Publikation
AlphaZe(_ast)(_ast): AlphaZero-like baselines for imperfect information games are surprisingly strong
Jannis Blüml; Johannes Czech; Kristian Kersting
In: Frontiers in Artificial Intelligence, Vol. 6, Pages 1-18, Frontiers, 2023.
Zusammenfassung
In recent years, deep neural networks for strategy games have made significant
progress. AlphaZero-like frameworks which combine Monte-Carlo tree search
with reinforcement learning have been successfully applied to numerous games
with perfect information. However, they have not been developed for domains
where uncertainty and unknowns abound, and are therefore often considered
unsuitable due to imperfect observations. Here, we challenge this view and argue
that they are a viable alternative for games with imperfect information—a domain
currently dominated by heuristic approaches or methods explicitly designed for
hidden information, such as oracle-based techniques.
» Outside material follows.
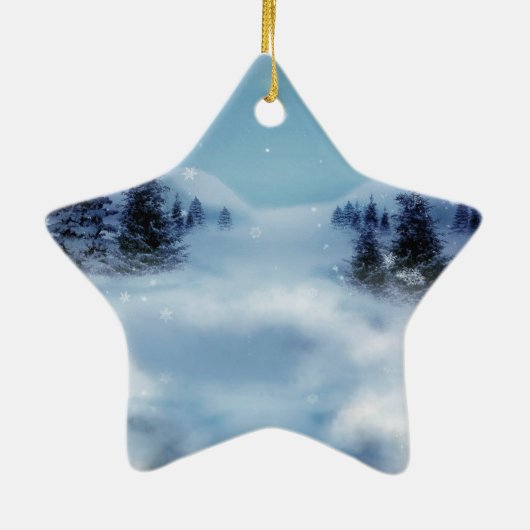 Winter Wonderland bij nacht Keramisch Ornament (Achterkant)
To this end, we introduce a
novel algorithm based solely on reinforcement learning, called AlphaZe∗∗, which
is an AlphaZero-based framework for games with imperfect information. We
examine its learning convergence on the games Stratego and DarkHex and show
that it is a surprisingly strong baseline, while using a model-based approach: it
achieves similar win rates against other Stratego bots like Pipeline Policy Space
Response Oracle (P2SRO), while not winning in direct comparison against P2SRO
or reaching the much stronger numbers of DeepNash. Compared to heuristics
and oracle-based approaches, AlphaZe∗∗ can easily deal with rule changes, e.g.,
when more information than usual is given, and drastically outperforms other
approaches in this respect.